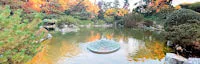 Japanese events festivals 2019 Walking Tour of the San Jose Japanese Friendship Garden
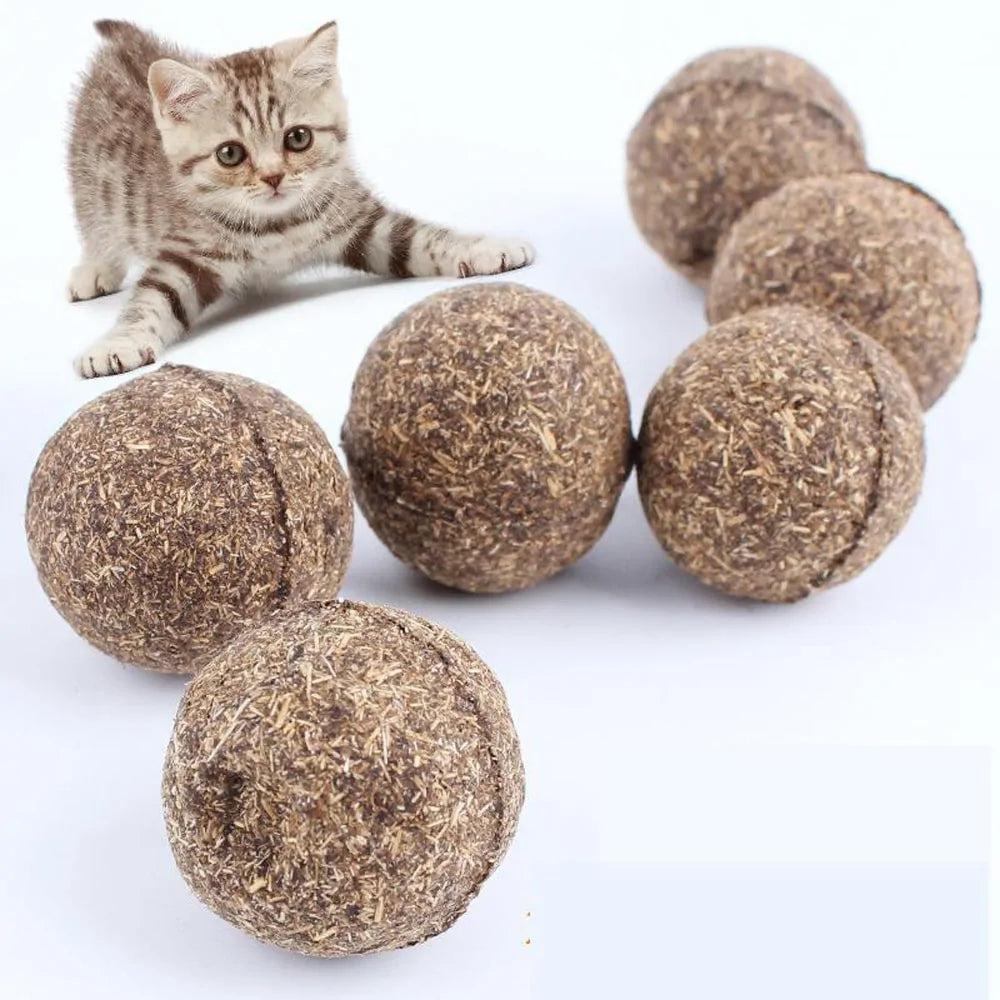 Interactive Catnip Spring  Cat Toy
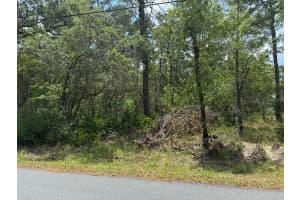 Lot 62 MICHIGAN AVENUE, WEEKI WACHEE, FL 34613 - MLS#MFRA4653077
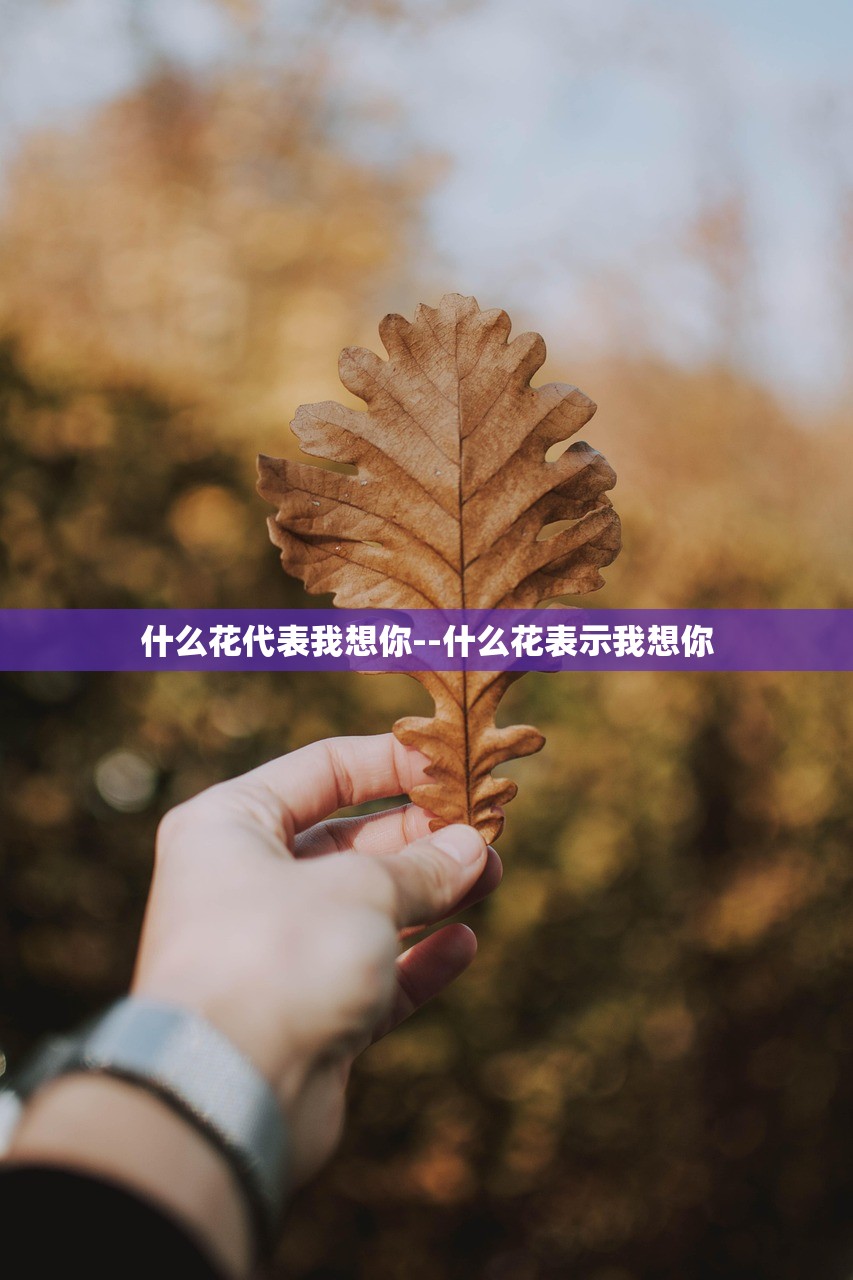什么花代表我想你--什么花表示我想你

----------------------------------------

**Your assignment**
Begin at the line containing "Interactive Catnip Spring" and copy every line through the end of the data above exactly, omitting the pictures.

**Your solution**
 Interactive Catnip Spring  Cat Toy
 Lot 62 MICHIGAN AVENUE, WEEKI WACHEE, FL 34613 - MLS#MFRA4653077
什么花代表我想你--什么花表示我想你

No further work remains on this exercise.